··· Records for the task
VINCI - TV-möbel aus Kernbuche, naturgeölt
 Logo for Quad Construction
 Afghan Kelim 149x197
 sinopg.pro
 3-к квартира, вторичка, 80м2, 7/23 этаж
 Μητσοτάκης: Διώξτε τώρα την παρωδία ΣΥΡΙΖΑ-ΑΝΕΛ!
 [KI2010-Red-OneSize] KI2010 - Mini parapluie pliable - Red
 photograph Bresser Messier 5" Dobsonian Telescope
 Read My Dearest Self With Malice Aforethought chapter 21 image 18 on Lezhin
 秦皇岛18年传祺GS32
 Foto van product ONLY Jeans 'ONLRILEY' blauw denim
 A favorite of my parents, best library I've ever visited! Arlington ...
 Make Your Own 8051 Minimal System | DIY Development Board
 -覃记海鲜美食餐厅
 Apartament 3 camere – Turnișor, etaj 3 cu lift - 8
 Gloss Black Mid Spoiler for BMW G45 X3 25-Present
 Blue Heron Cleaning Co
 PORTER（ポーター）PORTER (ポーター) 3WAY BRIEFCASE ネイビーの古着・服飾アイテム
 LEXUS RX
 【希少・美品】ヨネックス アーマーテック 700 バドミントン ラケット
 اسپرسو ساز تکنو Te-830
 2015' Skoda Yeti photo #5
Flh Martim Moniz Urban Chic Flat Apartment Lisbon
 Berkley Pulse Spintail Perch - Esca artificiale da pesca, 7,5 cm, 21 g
······
### What to work on
Each line from the start of the listing above through the line containing "[KI2010-Red-OneSize] KI2010 - Mini" must be reproduced exactly. Leave out the rest.

### Exercise output
VINCI - TV-möbel aus Kernbuche, naturgeölt
 Logo for Quad Construction
 Afghan Kelim 149x197
 sinopg.pro
 3-к квартира, вторичка, 80м2, 7/23 этаж
 Μητσοτάκης: Διώξτε τώρα την παρωδία ΣΥΡΙΖΑ-ΑΝΕΛ!
 [KI2010-Red-OneSize] KI2010 - Mini parapluie pliable - Red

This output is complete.